◆ Records shown:
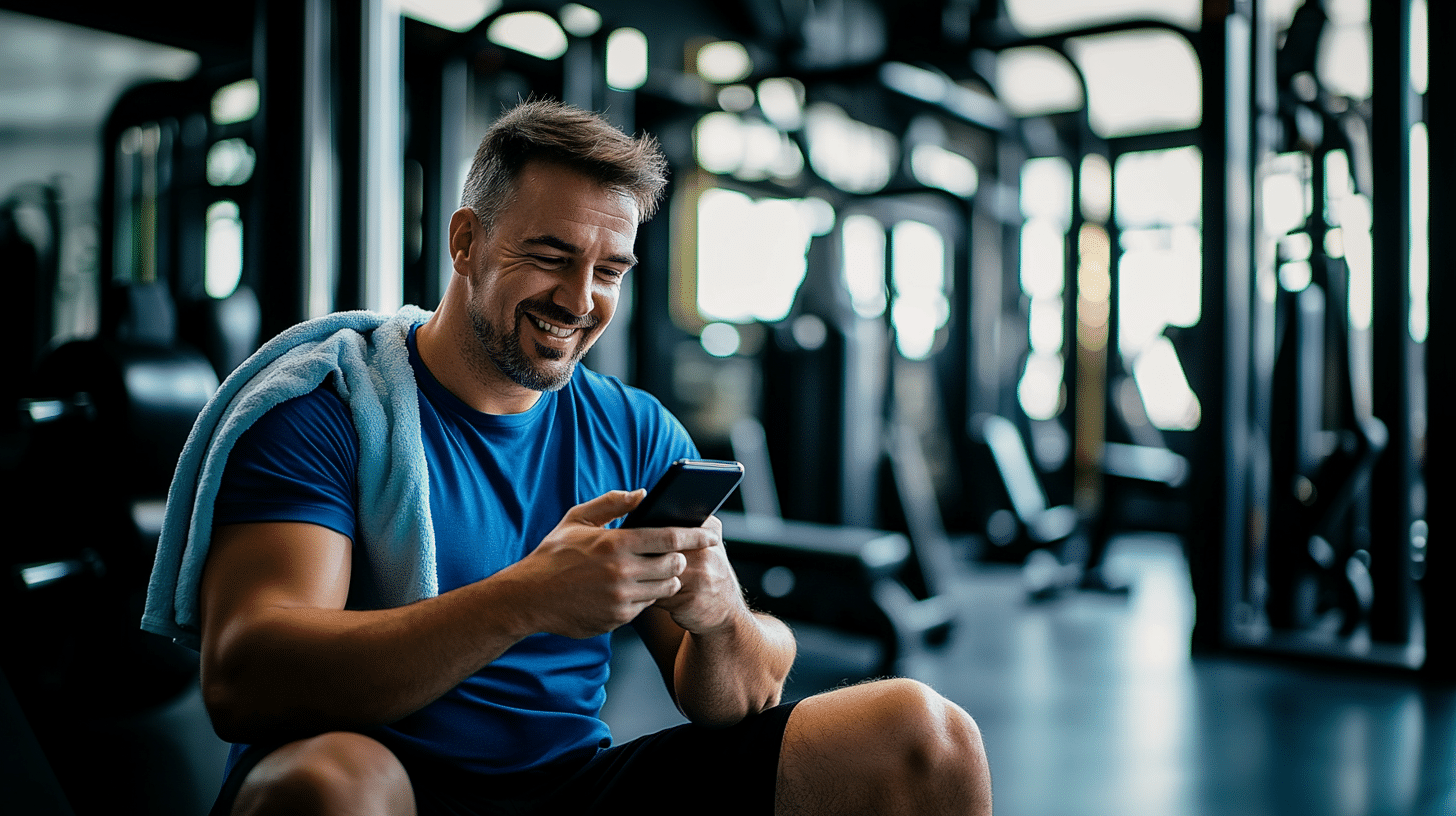 A middle aged man scrolling through his phone and checking his fitness tracking app.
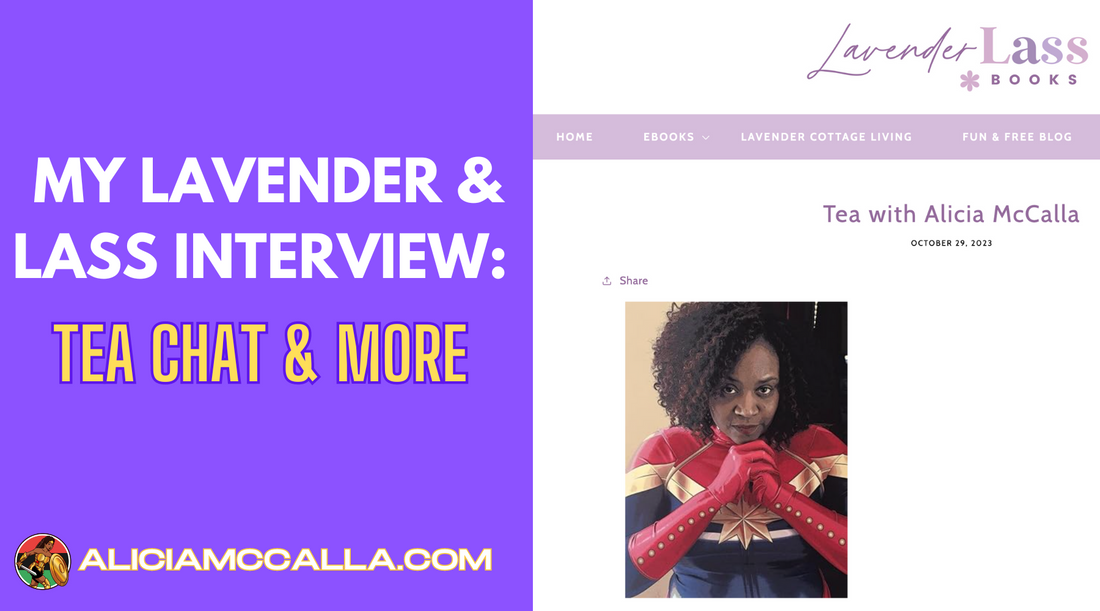 Author Alicia McCalla dressed as Captain Marvel on the Lavender & Lass Books Author Tea Interview Page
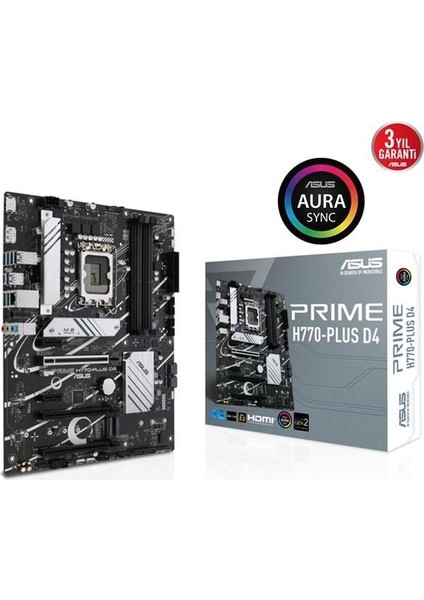Prıme H770-PLUS D4 Ddr4 Hdmı-Dp Pcıe 4.0 1700P Atx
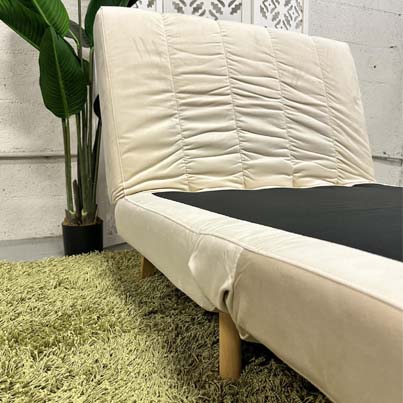 AD-LAH279N17P100-CR01 Canapé 1 place convertible lit CR01 Marron crème H82xL100xP90 - Couchage H26xL100xP190 vue5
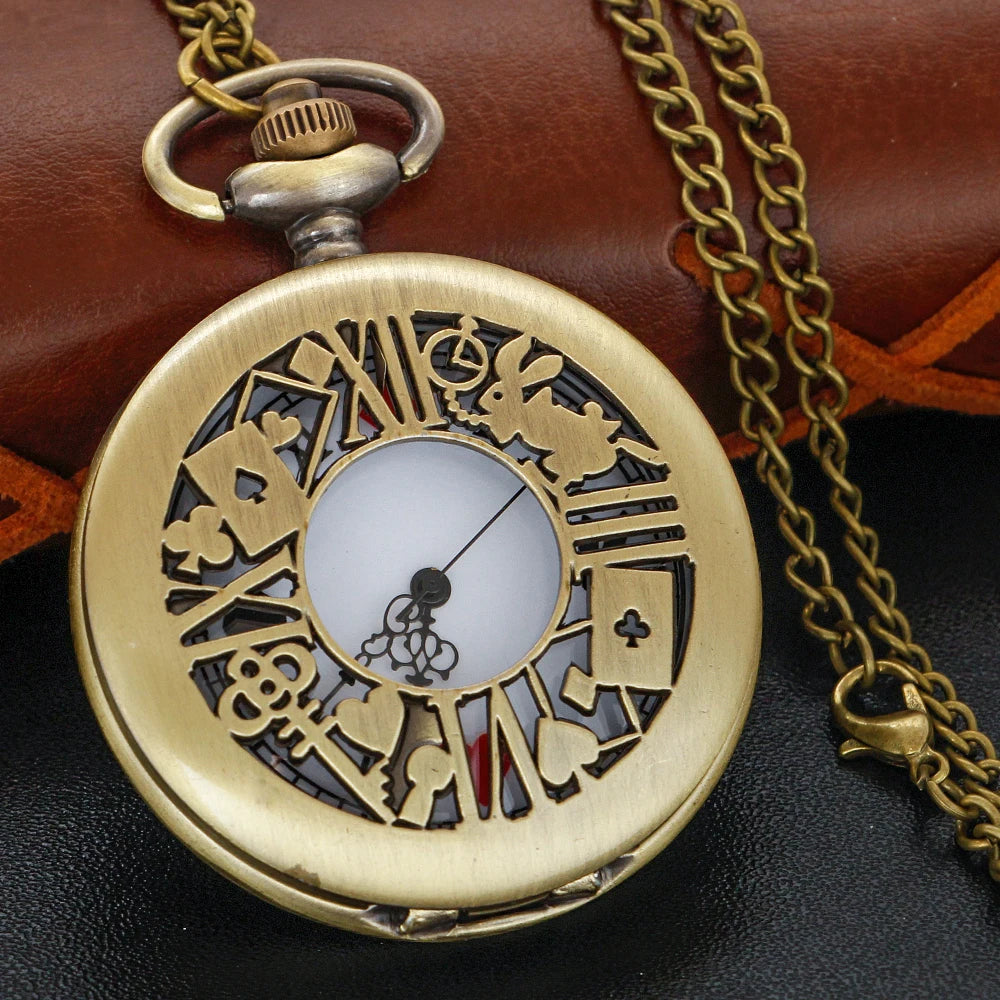 Bronze Fairy Tale Alice Poker Rabbit Hollow Characteristic Quartz Pocket Watch Retro Men's and Women's Necklace Pendant Gift SS69 9.69 Bronze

◆ Work to complete:
The copy you produce must repeat all the entries exactly and contain no pictures.

◆ Solution below:
 A middle aged man scrolling through his phone and checking his fitness tracking app.
 Author Alicia McCalla dressed as Captain Marvel on the Lavender & Lass Books Author Tea Interview Page
Prıme H770-PLUS D4 Ddr4 Hdmı-Dp Pcıe 4.0 1700P Atx
 AD-LAH279N17P100-CR01 Canapé 1 place convertible lit CR01 Marron crème H82xL100xP90 - Couchage H26xL100xP190 vue5
 Bronze Fairy Tale Alice Poker Rabbit Hollow Characteristic Quartz Pocket Watch Retro Men's and Women's Necklace Pendant Gift SS69 9.69 Bronze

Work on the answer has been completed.